The answer must reproduce all of the data below exactly and contain no images.

▶ DATASET CONTENT

==================================================

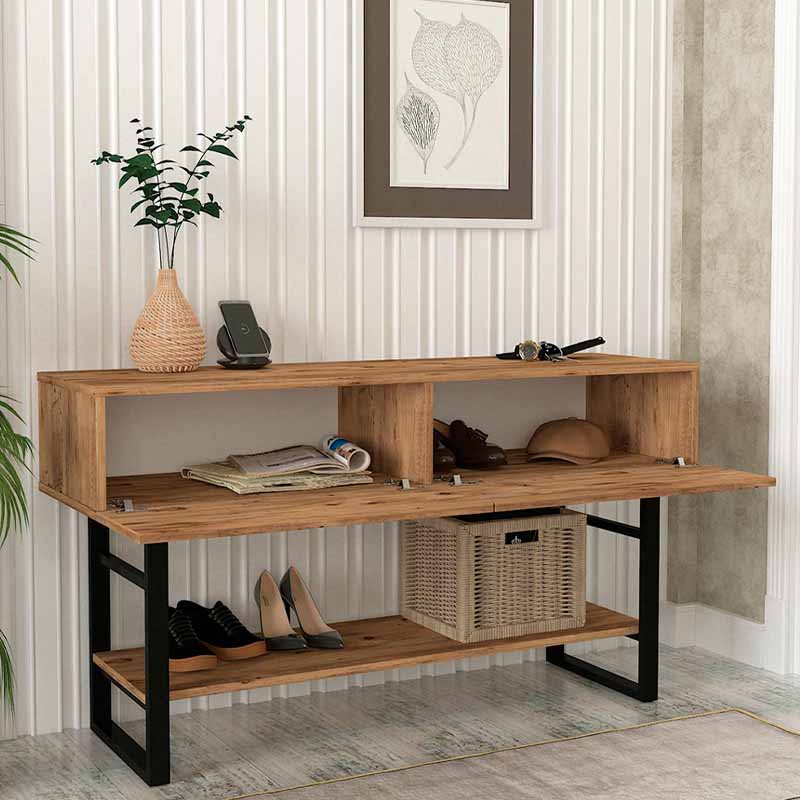 Κονσόλα Aron  χρώμα atlantic pine 138,8x41x75,7εκ.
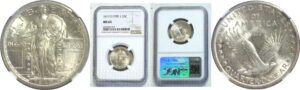 1917-D T-1 Standing Liberty Quarter  -  NGC MS-65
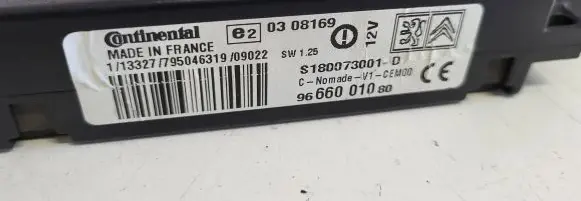 Citroen C3 Other control units/modules 9666001080 S180073001D 020308169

==================================================

▶ ANSWER AREA
 Κονσόλα Aron  χρώμα atlantic pine 138,8x41x75,7εκ.
 1917-D T-1 Standing Liberty Quarter  -  NGC MS-65
 Citroen C3 Other control units/modules 9666001080 S180073001D 020308169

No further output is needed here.